> [TASK INSTRUCTIONS]:
Without copying any picture, transcribe exactly the lines of the data below from the one containing "USDA Organic Freeze-Dried" through the one containing "Mejor Venta Vantage".

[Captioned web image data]
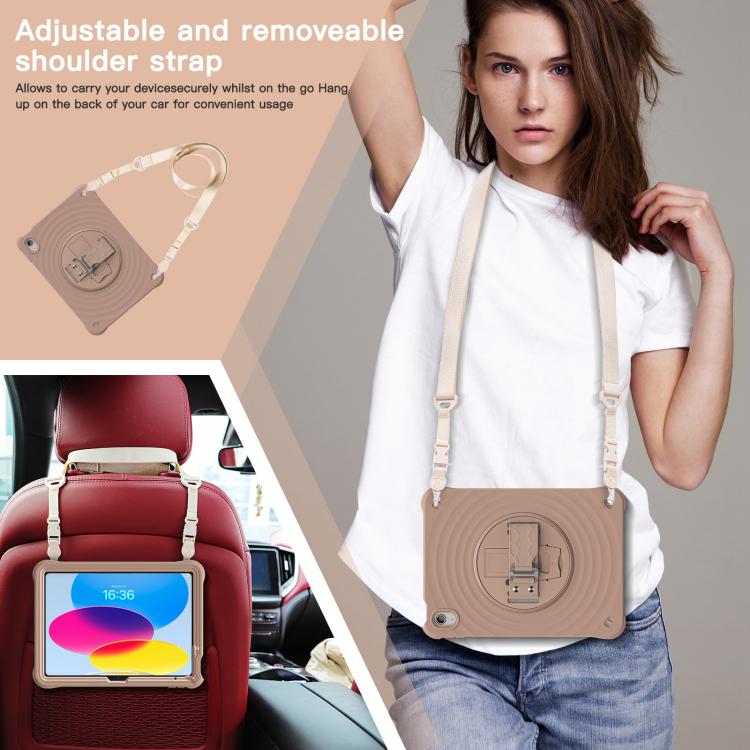 For iPad 2025 / 2022 Rotation Holder Silicone Hybrid PC Tablet Case(Light Coffee) - iPad 2025 / 2022 Cases by buy2fix | Online Shopping UK | buy2fix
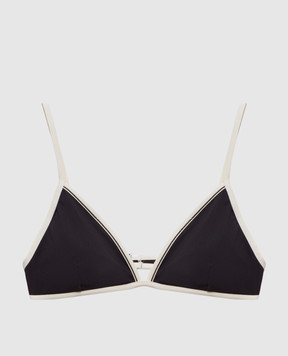 Brunello Cucinelli Brown swimsuit bodice with monil chain ML902VS189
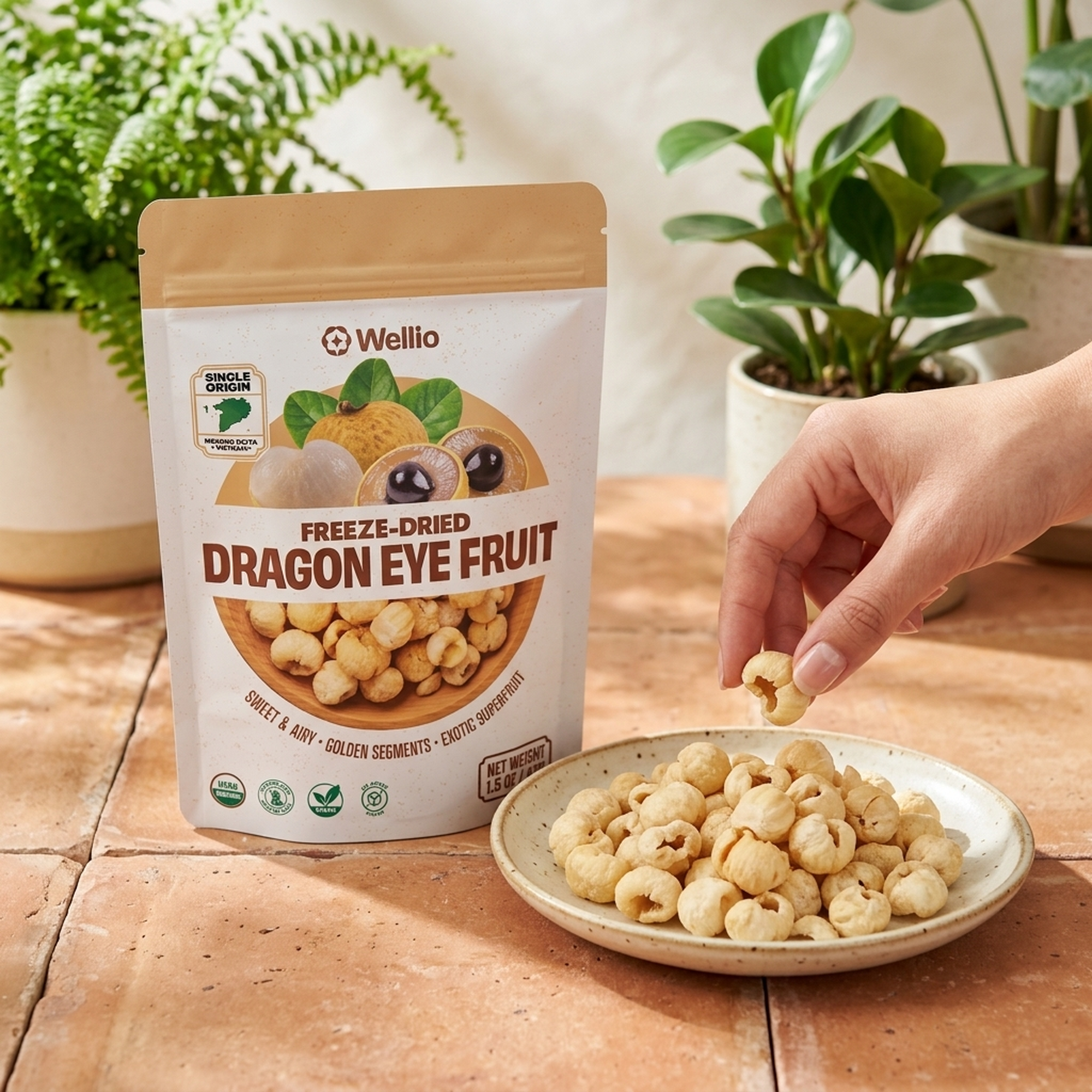 USDA Organic Freeze-Dried Longan (Dragon Eye Fruit) – 100% Natural Single-Origin Mekong Delta Crispy Fruit Snacks, No Added Sugar, Non-GMO, Sulfur-Free, 1.5 oz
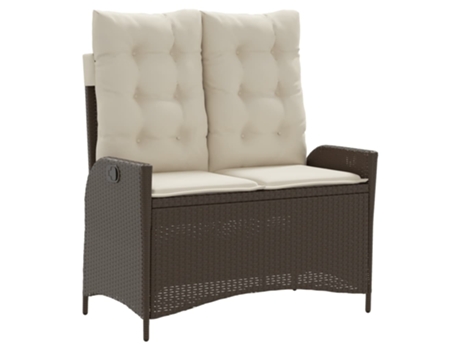 Sillón reclinable de jardín VIDAXL con cojines ratán sintético marrón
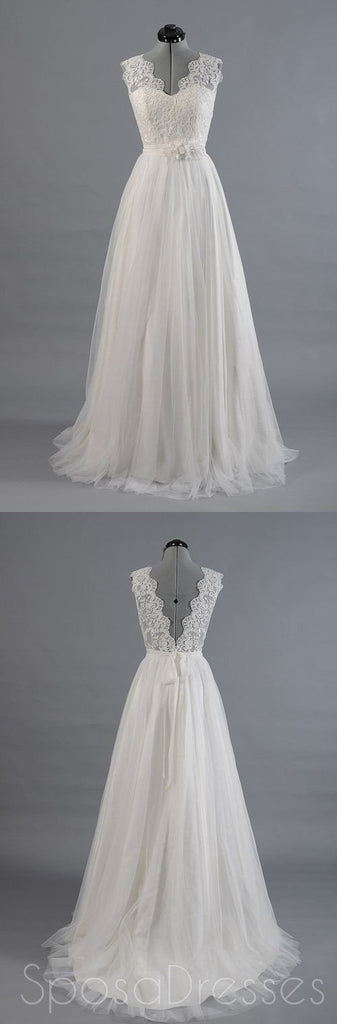 Mejor Venta Vantage Espalda en V de Encaje de la parte Superior del Diseño Simple de la Boda Vestidos de Fiesta, WD0036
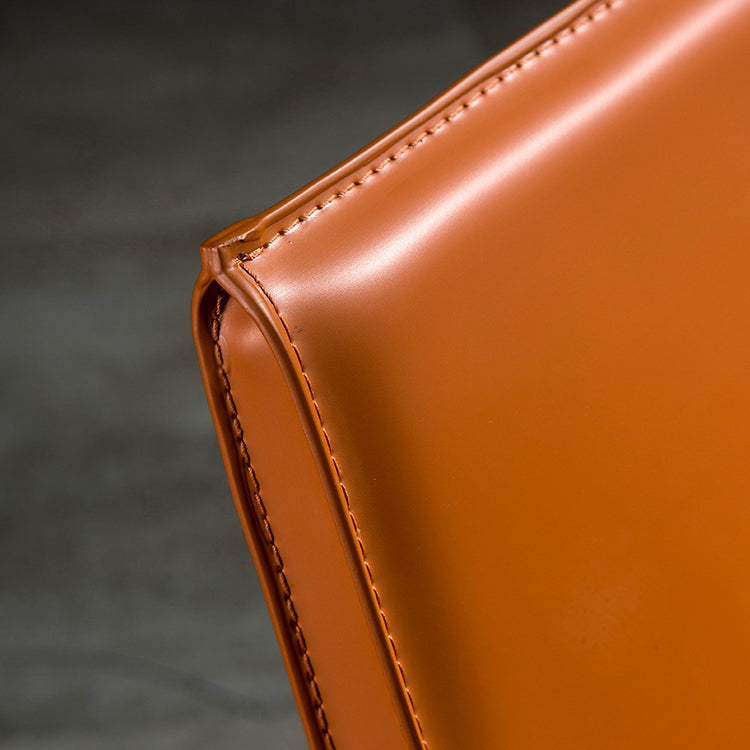 Fauteuil de maison en cuir de Style design, finition mate, chaise de salle à manger simple à dossier solide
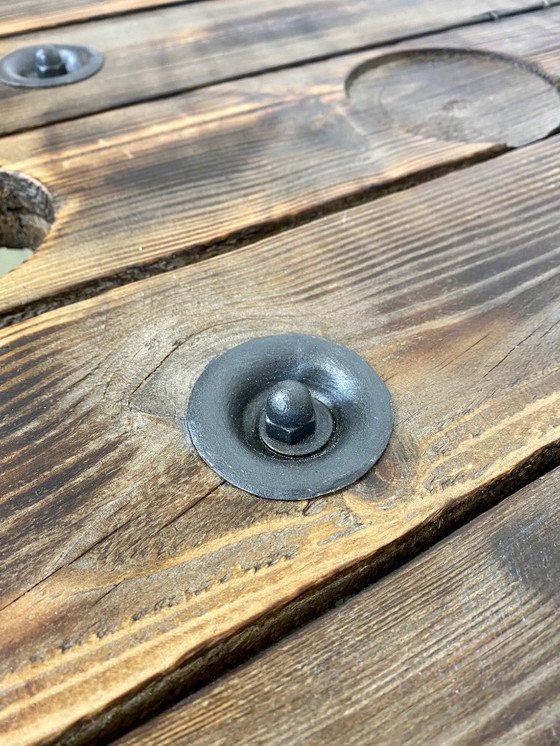 Image 1 of Table basse ronde de style industriel vintage, années 1960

> [EXPECTED ANSWER]:
 USDA Organic Freeze-Dried Longan (Dragon Eye Fruit) – 100% Natural Single-Origin Mekong Delta Crispy Fruit Snacks, No Added Sugar, Non-GMO, Sulfur-Free, 1.5 oz
 Sillón reclinable de jardín VIDAXL con cojines ratán sintético marrón
 Mejor Venta Vantage Espalda en V de Encaje de la parte Superior del Diseño Simple de la Boda Vestidos de Fiesta, WD0036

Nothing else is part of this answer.